Se la scelta di avere figli o meno è molto personale e dipende da numerose variabili, le condizioni di contesto, tra cui le politiche pubbliche e la disponibilità di servizi accessibili e di qualità, possono influenzarla considerevolmente. 

Mamme: “l’esercito del focolare involontario”

È stato definito così “l’esercito del focolare involontario”, sono le donne che sono o si sentono costrette a lasciare il lavoro per prendersi cura della famiglia riducendo così le loro possibilità di reinserimento futuro e il loro reddito presente. È un fenomeno tristemente in ascesa, nel 2019 erano il 72,9% le madri lavoratrici che hanno lasciato il lavoro per queste ragioni, contro il 27,1% dei padri.

Anche qui risulta chiaro come un mix di fattori, sociali, culturali e politici, influenzano le decisioni dei genitori in maniera differente, portando una % nettamente maggiore di donne a lasciare il lavoro per prendersi cura della famiglia.

Come la pandemia ha inasprito il fenomeno

Sono i giovani, le donne e le madri lavoratrici i soggetti più colpiti dalla pandemia per quanto riguarda il mercato del lavoro. Questo perché sono le stesse figure che ricoprono in maggior percentuale la fetta dei lavoratori autonomi, precari o dipendenti con contratti a tempo determinato, i quali vivono in una situazione già di per sé precaria che la pandemia ha trasformato in disoccupazione definitiva.

In Italia infatti i tassi di occupazione dei 15-64enni decrescono per entrambi i generi, ma se per gli uomini l’occupazione al 68% cala dello 0.8%, per le donne cala dell’1,1% con un tasso di occupazione già più basso in ulteriore penalizzazione toccando il 49%. Secondo i dati ISTAT dunque si inaspriscono così anche i divari di genere, già consistenti in precedenza, che raggiungono nel 2020 la soglia dei 18,2 punti percentuali. I divari di genere inoltre seguono i trend di quelli territoriali: se nel Nord e nel Centro si mantengono intorno ai 15 punti percentuali, la forbice si allarga fino a 23,8 nel Sud e Isole.

I dati parlano chiaro: nel 2020, a causa della pandemia, sono evaporati in totale 456 mila posti di lavoro (un calo del 2% rispetto all’anno precedente, che l’ISTAT definisce “senza precedenti”). Ad essere più colpite sono le donne: per loro il calo è di 249 mila unità (- 2,5%) rispetto ai 207 mila uomini (- 1,5%).

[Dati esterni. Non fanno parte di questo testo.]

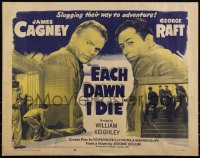 6c0416 EACH DAWN I DIE 1/2sh R1956 great image of prisoners James Cagney & George Raft!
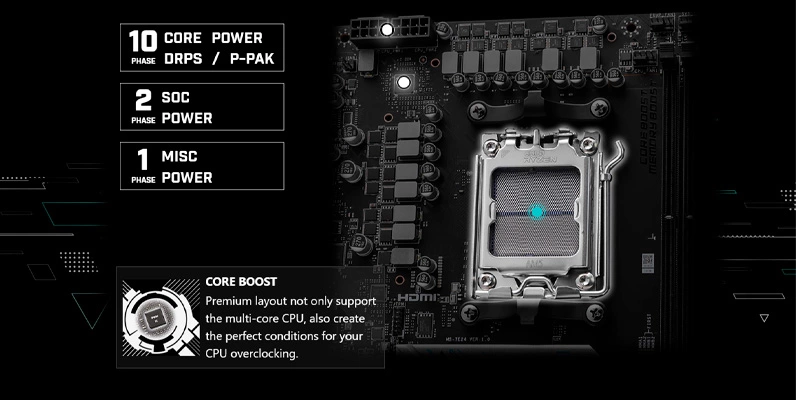 Bo mạch chủ MSI B650M GAMING PLUS WIFI Hiệu năng mạnh mẽ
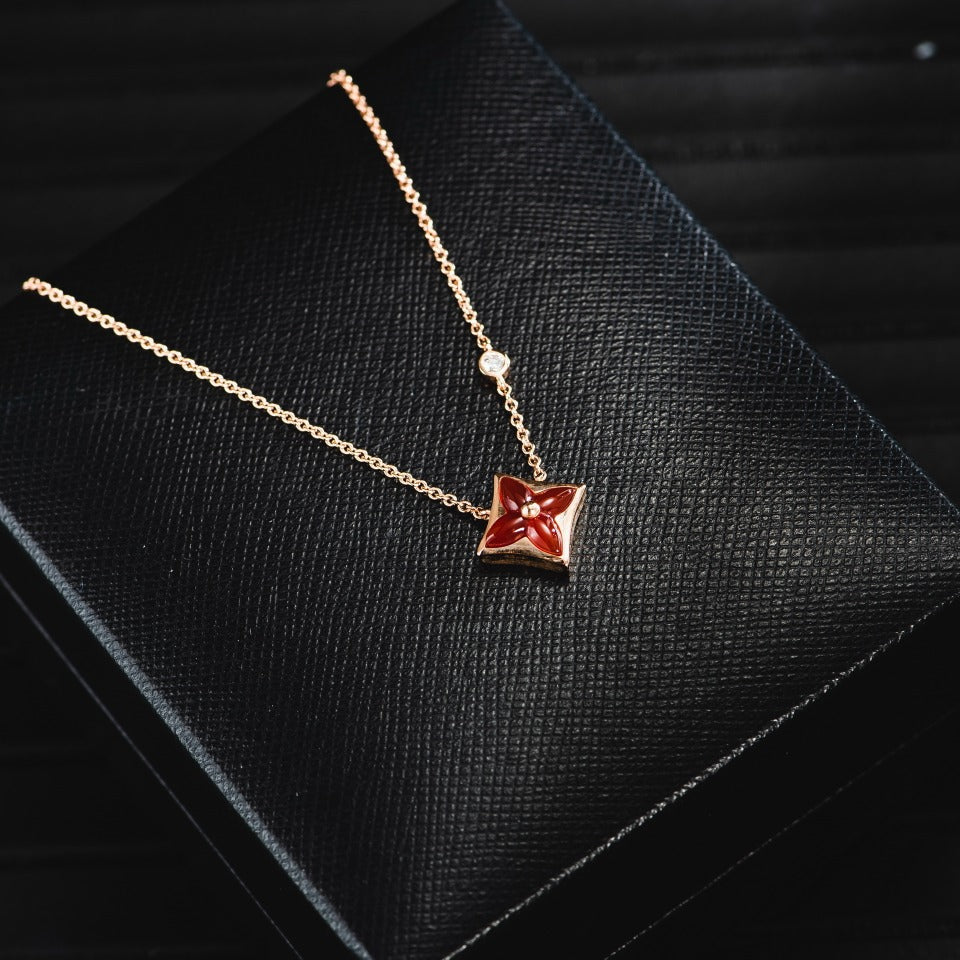 ¡®Moco¡¯STAR NECKLACE PINK GOLD 1 DIAMOND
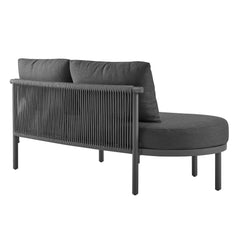 Porta Charcoal/Anthracite Left-Arm Facing Outdoor Patio Aluminum Modular Piece - Ornate Home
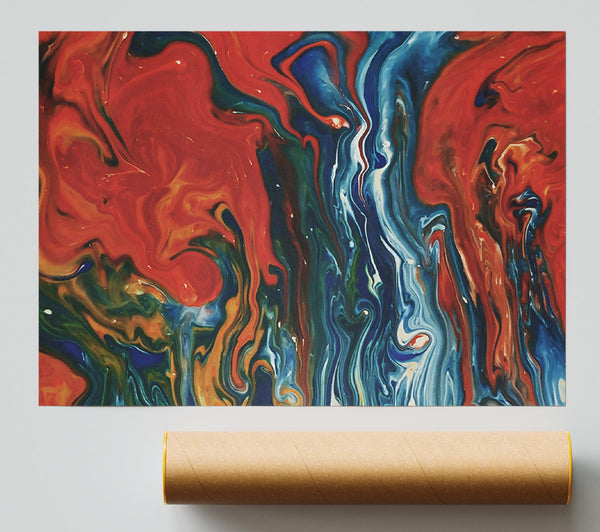 Crimson Swirls Of Fire Poster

Un figlio o più figli: l’aumento della Child Penalty

Come abbiamo descritto i divari di genere occupazionali sono evidenti, ma cosa succede a uomini e donne all’aumentare dei figli? Purtroppo con l’aumentare dei figli diminuisce l’occupazione con una differenza netta tra madri e padri.

Nel 2020 infatti il tasso di occupazione rispetto al numero di figli minorenni si distribuisce in questo modo:

  • Con 1 figlio: le donne lavoratrici sono il 61,3%, gli uomini lavoratori l’87,9%.
  • Con 2 figli: le donne occupate sono il 57%, gli uomini l’88,7%.
  • Con 3 o più figli: le donne scendono al 44,5%, gli uomini all’83,8%.